* **Exercise directions**
Restate the lines word for word, from the first line of the records through the line containing "Fototapeta premium Serene". Leave out the pictures and anything after that line.

[[ Records shown, beginning ]]

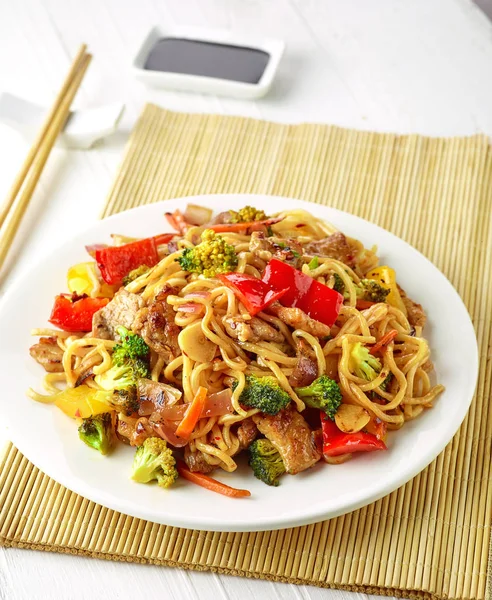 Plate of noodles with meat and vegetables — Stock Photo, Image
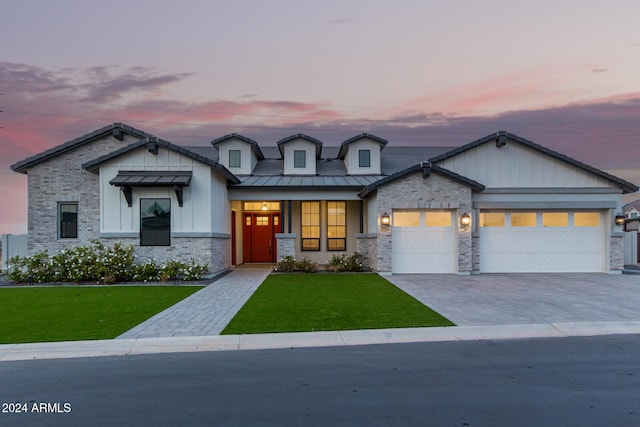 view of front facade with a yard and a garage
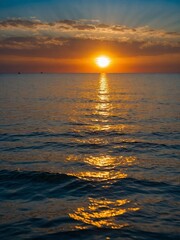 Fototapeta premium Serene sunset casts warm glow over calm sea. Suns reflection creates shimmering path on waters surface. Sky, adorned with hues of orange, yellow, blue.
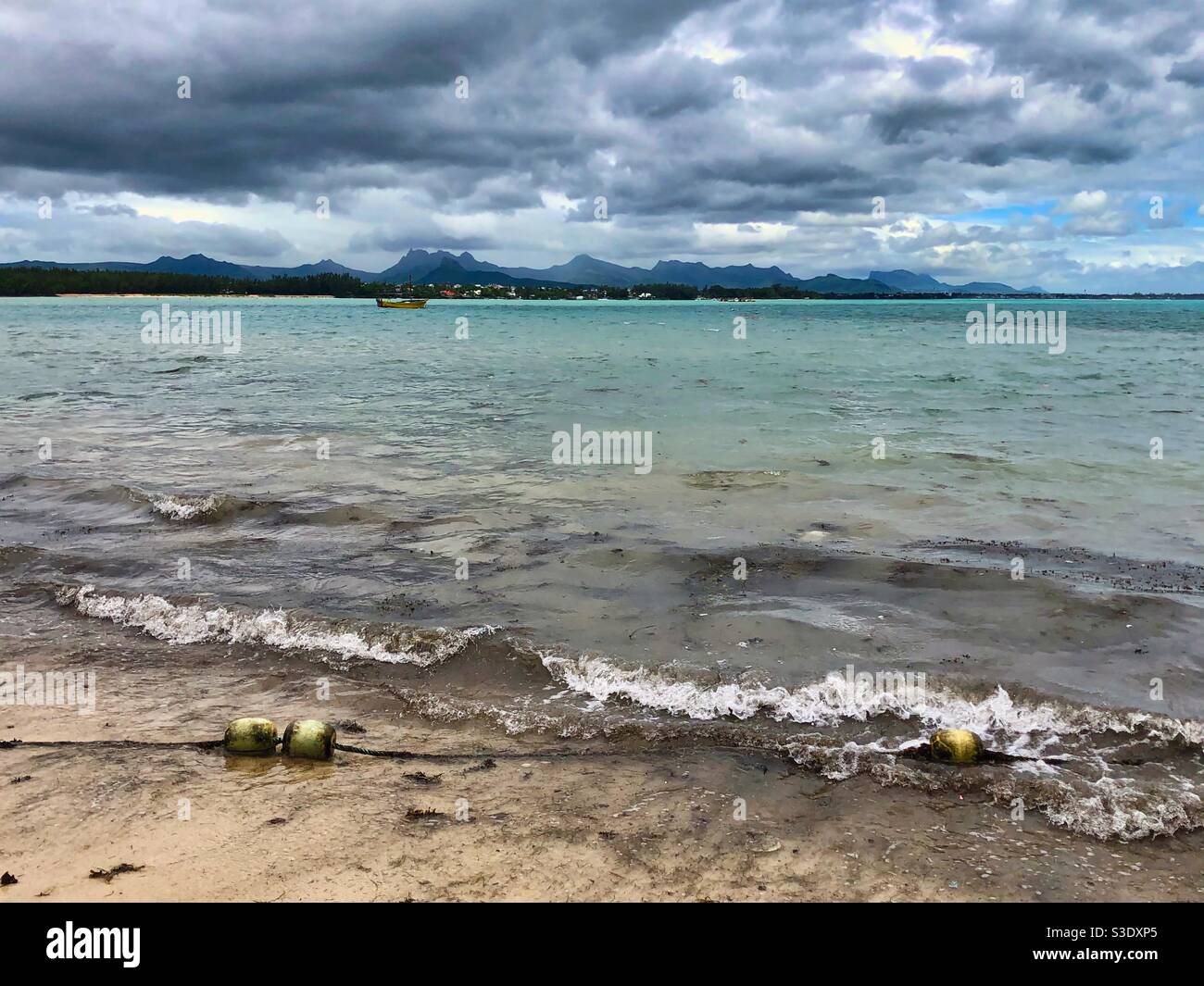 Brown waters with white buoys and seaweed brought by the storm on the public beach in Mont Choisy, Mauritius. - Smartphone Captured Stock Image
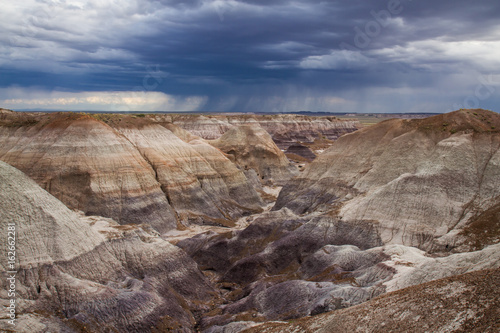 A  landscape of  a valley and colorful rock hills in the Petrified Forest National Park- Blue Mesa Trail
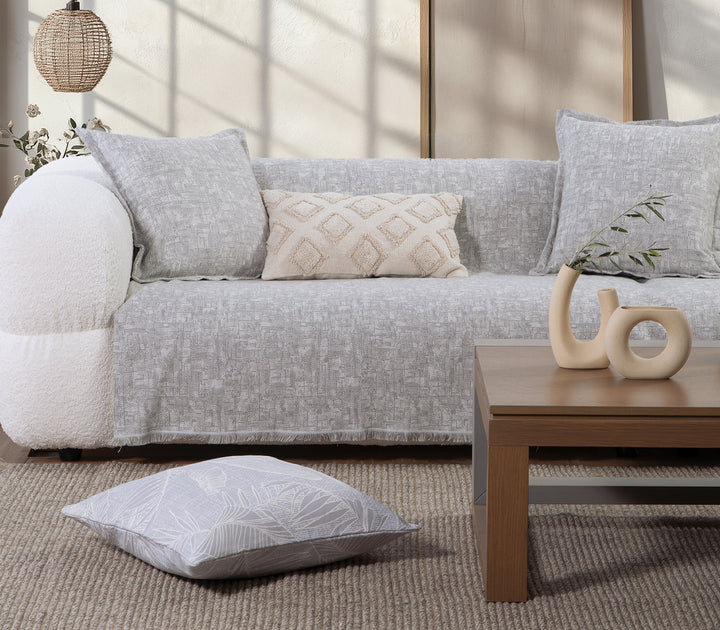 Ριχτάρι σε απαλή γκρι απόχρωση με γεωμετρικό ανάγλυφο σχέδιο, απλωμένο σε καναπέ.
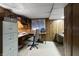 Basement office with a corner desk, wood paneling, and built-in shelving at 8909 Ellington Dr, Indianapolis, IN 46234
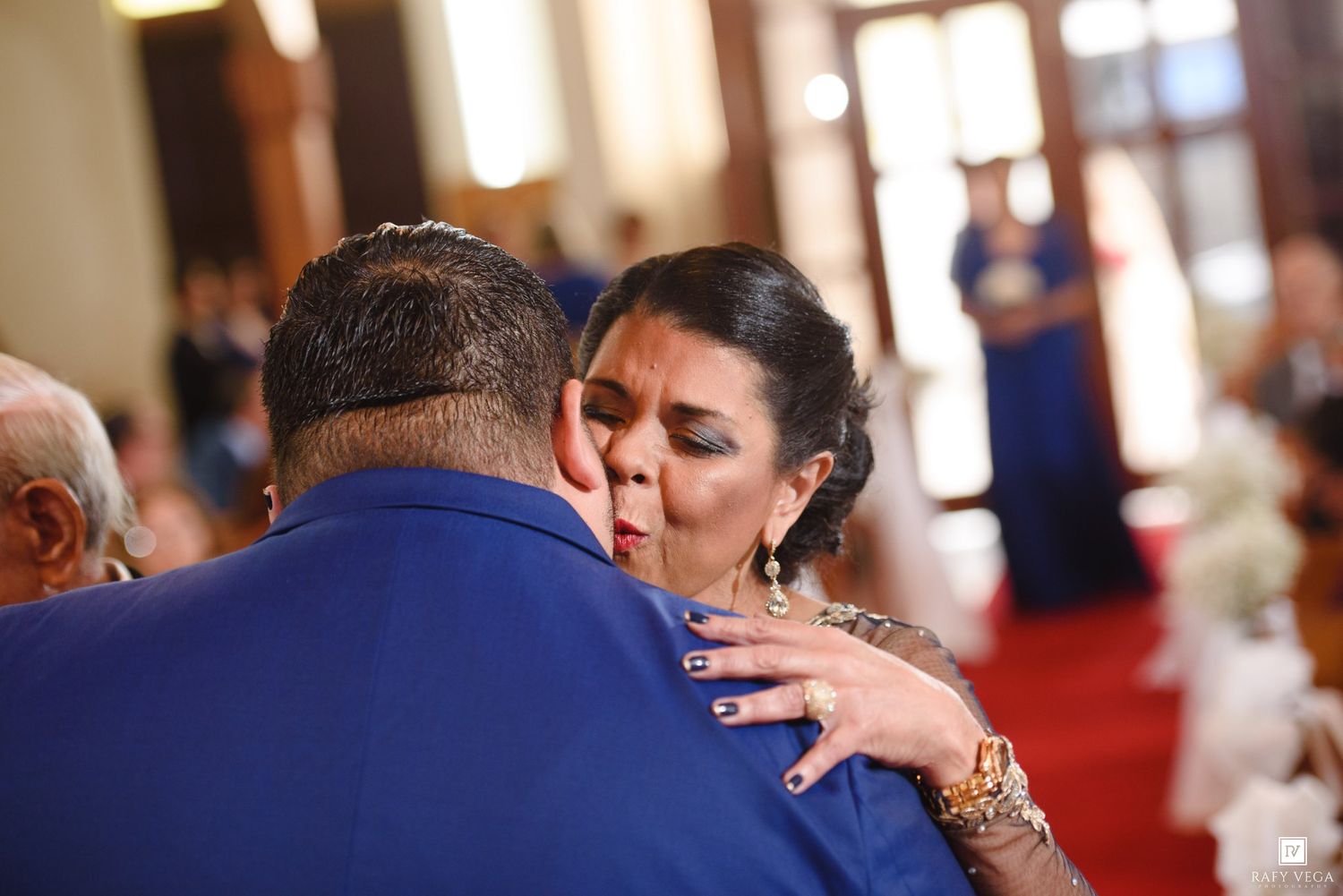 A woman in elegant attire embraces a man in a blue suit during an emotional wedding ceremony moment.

[[ Records shown, end ]]

* **Written answer**
 Plate of noodles with meat and vegetables — Stock Photo, Image
 view of front facade with a yard and a garage
 Fototapeta premium Serene sunset casts warm glow over calm sea. Suns reflection creates shimmering path on waters surface. Sky, adorned with hues of orange, yellow, blue.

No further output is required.